Sur le compte entre les parties
M. [S] étant redevable de la somme de 17 987,55 euros et Mme [U] d’une somme de 1 570,53 euros (1 275,23 + 295,30), il y a lieu d’ordonner la compensation entre les sommes dues par chaque partie et de dire que M. [S] est redevable en définitive de la somme de 16 417,02 euros à Mme [U]. Il sera ajouté au jugement de ce chef.
Sur la demande de délais de paiement
L’article 1343-5 du code civil permet au juge compte tenu de la situation du débiteur et en considération des besoins du créancier, de reporter ou échelonner dans la limite de deux années le paiement des sommes dues.
M. [S] justifie avoir d’ores et déjà réglé entre les mains du commissaire de justice la somme de 2 000 euros au titre de sa dette envers Mme [U], au 3 mars 2025, par versements de 250 euros par mois.
Il perçoit un revenu net imposable de 2 595 euros par mois (en 2023) et s’acquitte d’un loyer de 637 euros par mois. Il a quatre enfants à charge et perçoit des prestations familiales pour 1 140 euros par mois (valeur mai 2024).
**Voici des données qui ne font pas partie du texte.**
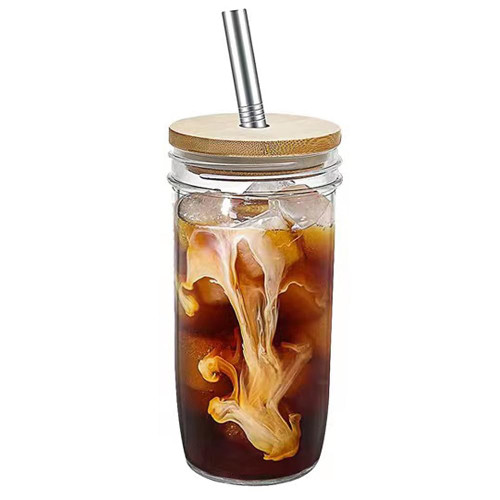 JZSMY 680ml Iced Coffee Cup with Lid Mason Jar Cup, Mason Jar Glass Tumbler, Reusable Boba Cups, Glass Iced Coffee Cup Drinking Tumbler Cup for Bubble Tea, Smoothie, Brew, Soda, Juice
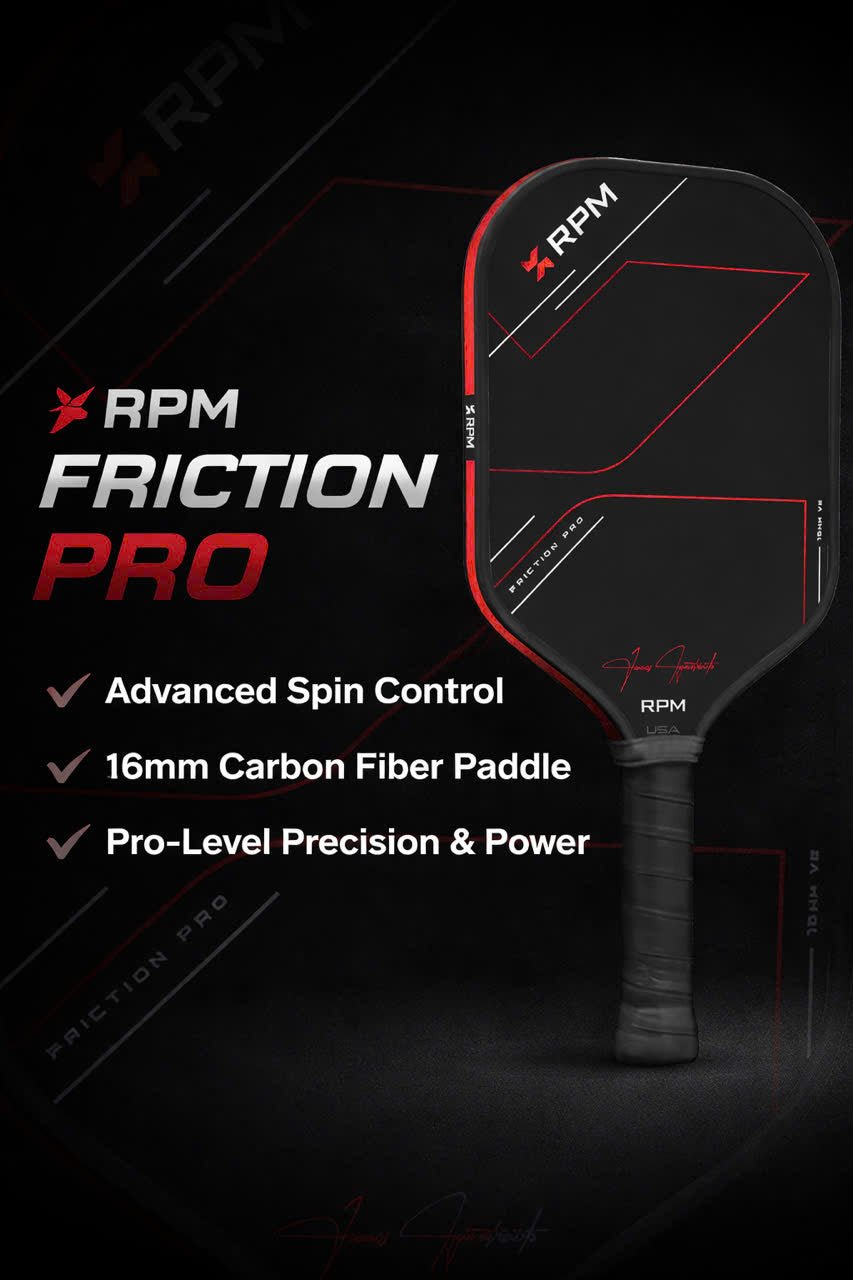 Vợt Pickleball RPM FRICTION PRO 16MM Elongated V2 James Ignatowich Signature
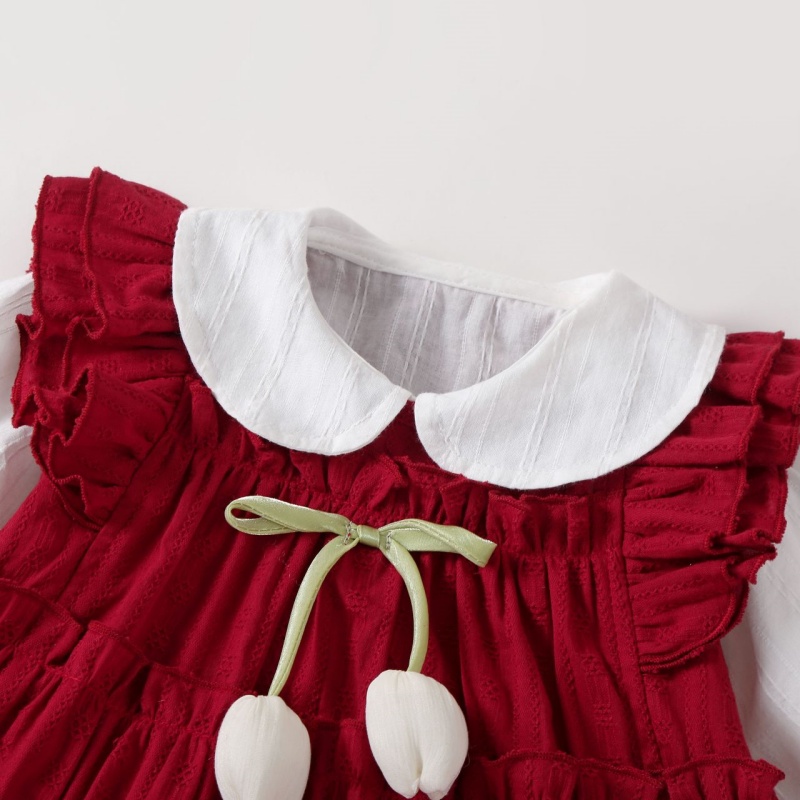 2pcs Baby Girl Long Sleeve Tulip Dress with Hat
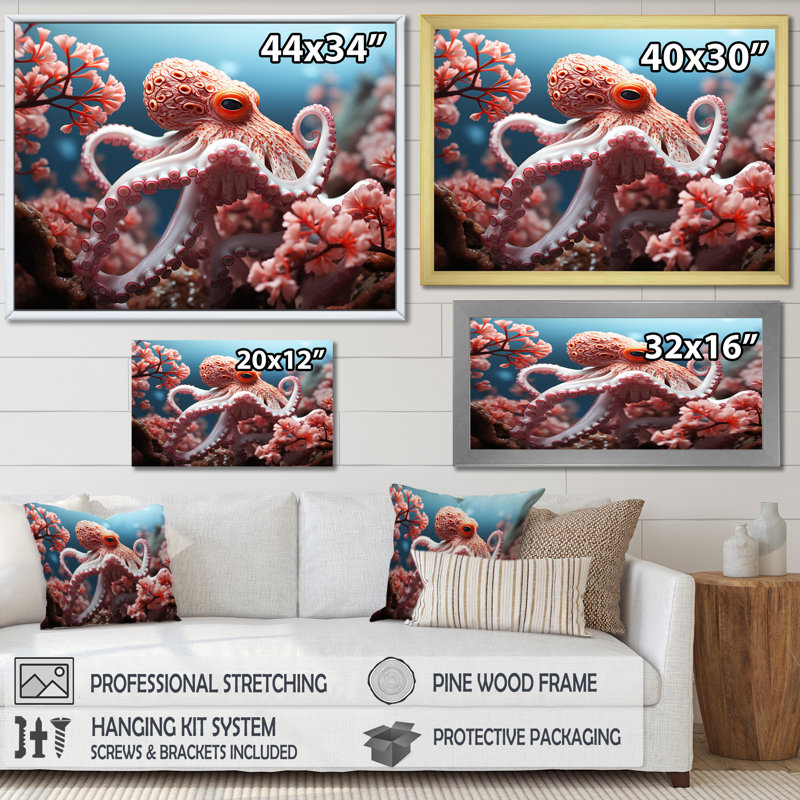 «Pink Octopus Garden of Tranquility», reproduction sur toile encadrée, H 12 po x l 20 po x P 1 po, Toile tendue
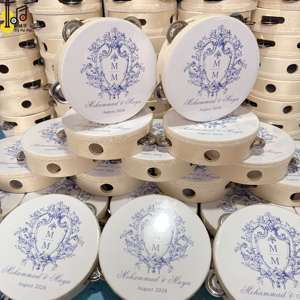 Tambourins personnalisés pour mariage, tambourins de 6 pouces avec peau de tambour personnalisée, instrument de musique, bruiteur, vente en gros, tambour pour église - Product Image 2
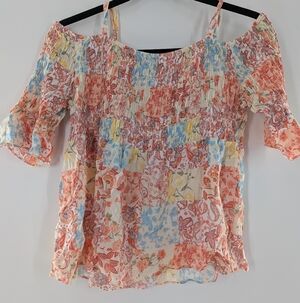 Cato Floral Paisley Cold Shoulder Smocked Blouse Top Large Boho Festival Peasant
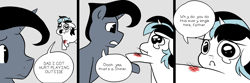 Size: 1500x500 | Tagged: safe, artist:little-tweenframes, derpibooru import, night light, shining armor, pony, unicorn, colt, dad joke, deleted from derpibooru, dialogue, father and child, father and son, injured, male, parent and child, simple background, speech bubble, stallion, teary eyes, younger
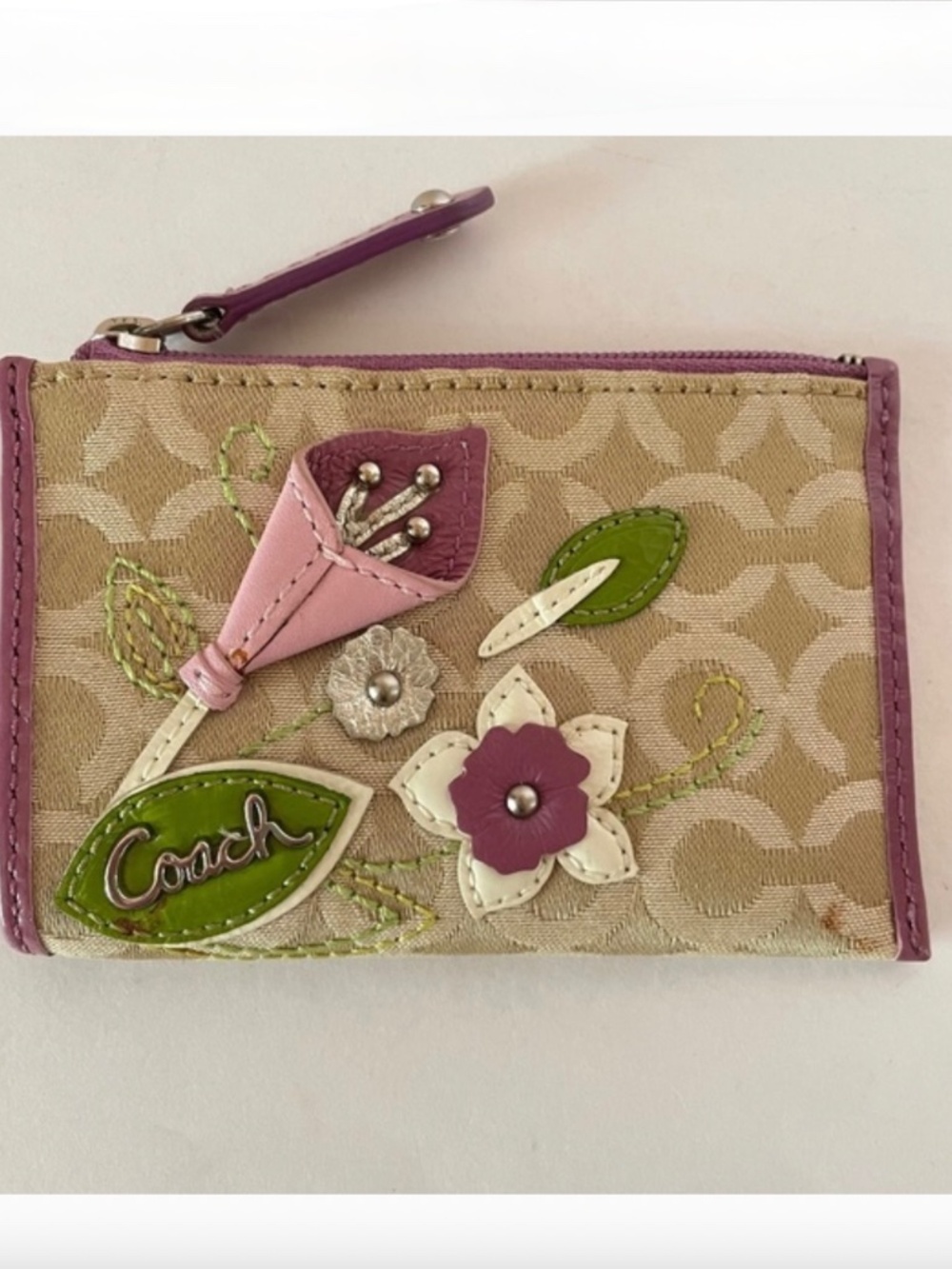 Coach Signature Canvas Calla Lily Appliqué Key Pouch Case/ Rare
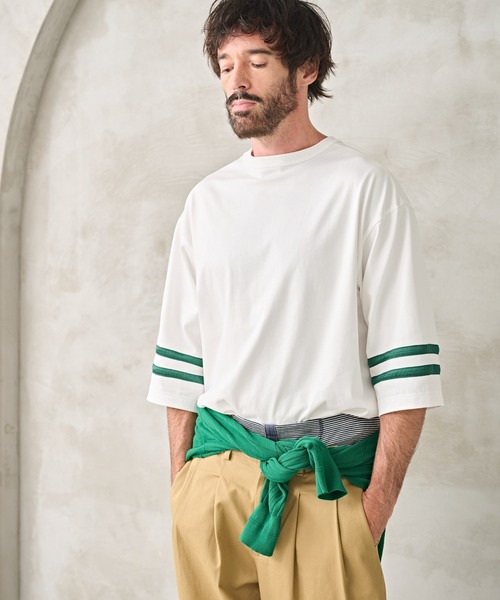Kelen(ケレン)の「「KELEN MENS / ケレン メンズ」2WAY NUMBERING TOP(Tシャツ/カットソー・メンズ・オフホワイト/グレイッシュベージュ/ブラック・40/38/42)」の18枚目の写真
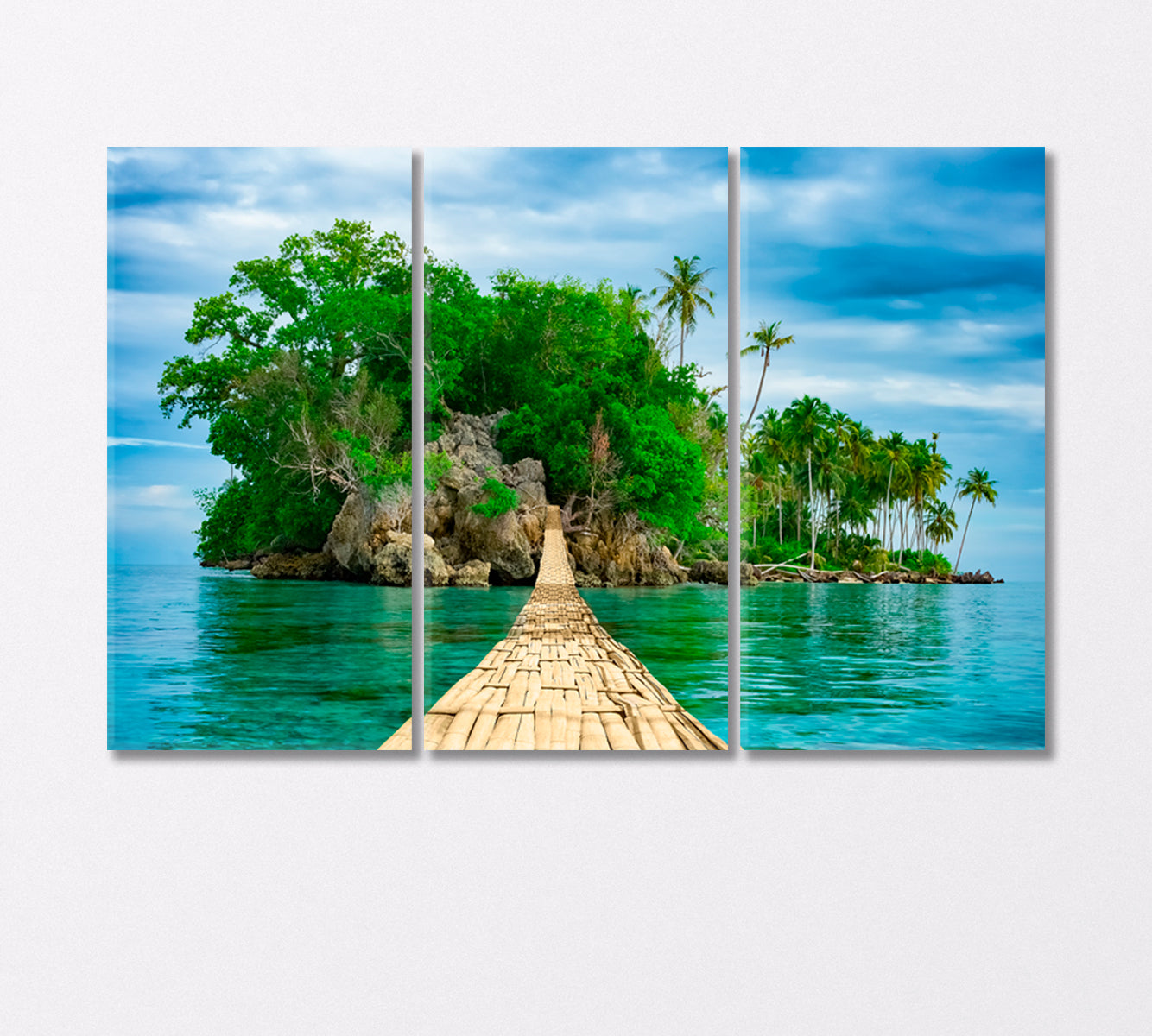 Bamboo Pedestrian Suspension Bridge over the Sea Canvas Print-Canvas Print-CetArt-3 Panels-36x24 inches-CetArt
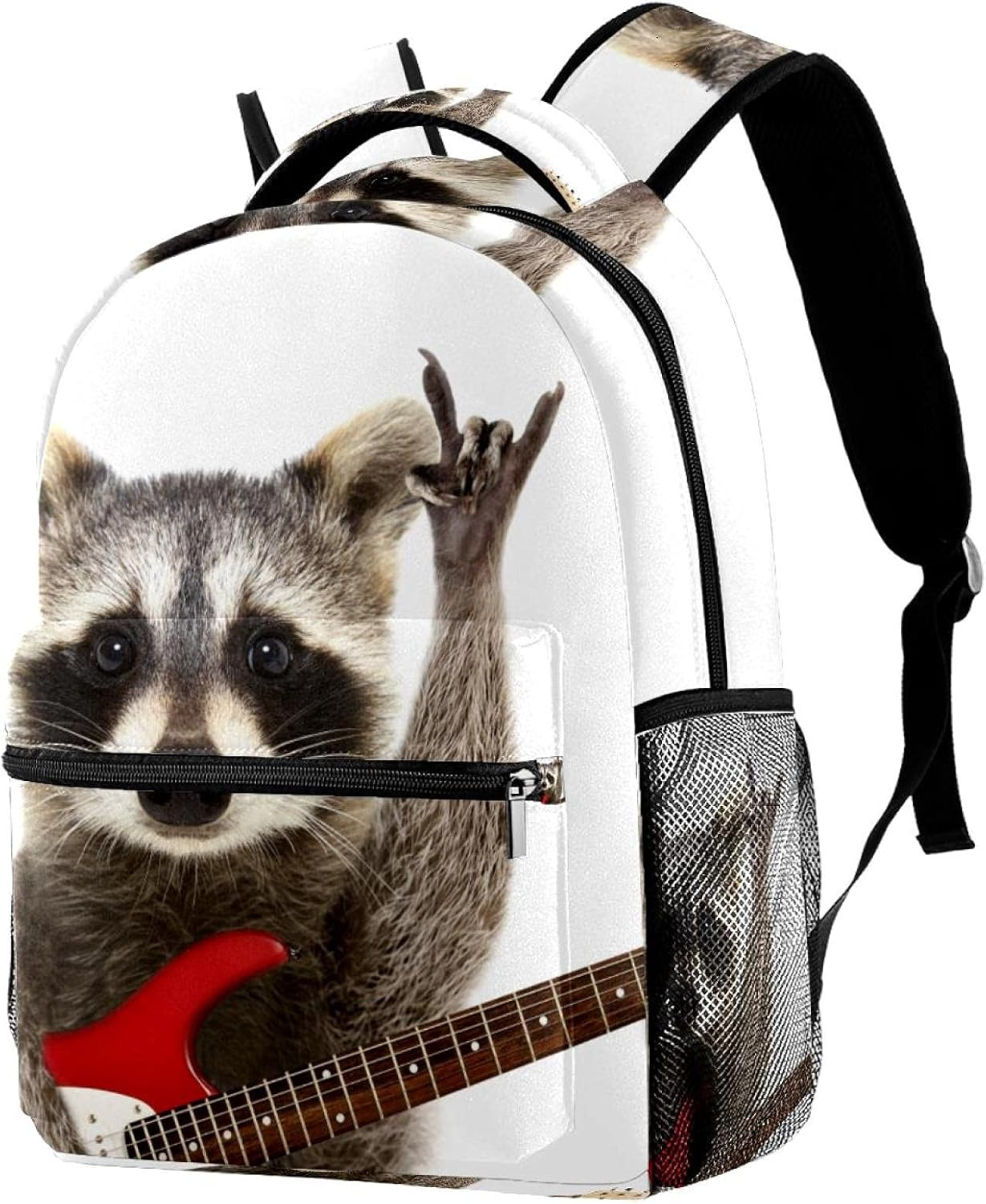 Funny Raccoon with Electric Guitar Backpack Students Shoulder Bags Travel Bag College School Tote Backpacks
Il soutient que sa compagne ne travaille pas.
Mme [U] se présente comme « gérante » en première page de ses conclusions.
Compte tenu de ces éléments, il sera octroyé à M. [S] un délai de paiement sur vingt-quatre mois comme indiqué au dispositif du présent arrêt, étant précisé qu’en cas de non-paiement d’une de ces mensualités, la totalité de la dette deviendra exigible.
Sur les dépens et l’indemnité procédurale
Vu les articles 696 et 700 du code de procédure civile ;
M. [S] n’a pas comparu en première instance, il sera condamné aux dépens et au paiement de l’indemnité procédurale fixée à juste titre par le premier juge.
Le jugement sera donc confirmé du chef des dépens et de l’indemnité procédurale.
Il n’est pas inéquitable au vu des circonstances de la cause de laisser à chaque partie la charge de ses dépens et frais irrépétibles d’appel.
PAR CES MOTIFS
La cour statuant par arrêt contradictoire, mis à disposition au greffe,
Dans les limites de l’appel interjeté,
DECLARE recevables les demandes de M. [S].
CONFIRME le jugement.
Y ajoutant et statuant par voie de dispositions nouvelles,
DIT que Mme [U] épouse [X] est redevable d’une somme de 1 570,53 euros à M. [S].
ORDONNE la compensation entre les sommes dues par chaque partie et DIT en conséquence que M. [S] est redevable de la somme de 16 417,02 euros à Mme [U] épouse [X] et au besoin l’y CONDAMNE.
ACCORDE à M. [S] la faculté de s’acquitter de sa dette en principal et intérêts par vingt-quatre versements mensuels de 250 euros, le dernier étant à majorer du solde de la dette.
DIT que les versements devront intervenir le 2 de chaque mois et pour la première fois le 2 du mois suivant la signification de l’arrêt.
DIT qu’à défaut de paiement d’une seule mensualité à son échéance, l’intégralité des sommes dues deviendra immédiatement exigible.
LAISSE à chaque partie la charge de ses dépens d’appel et frais irrépétibles d’appel.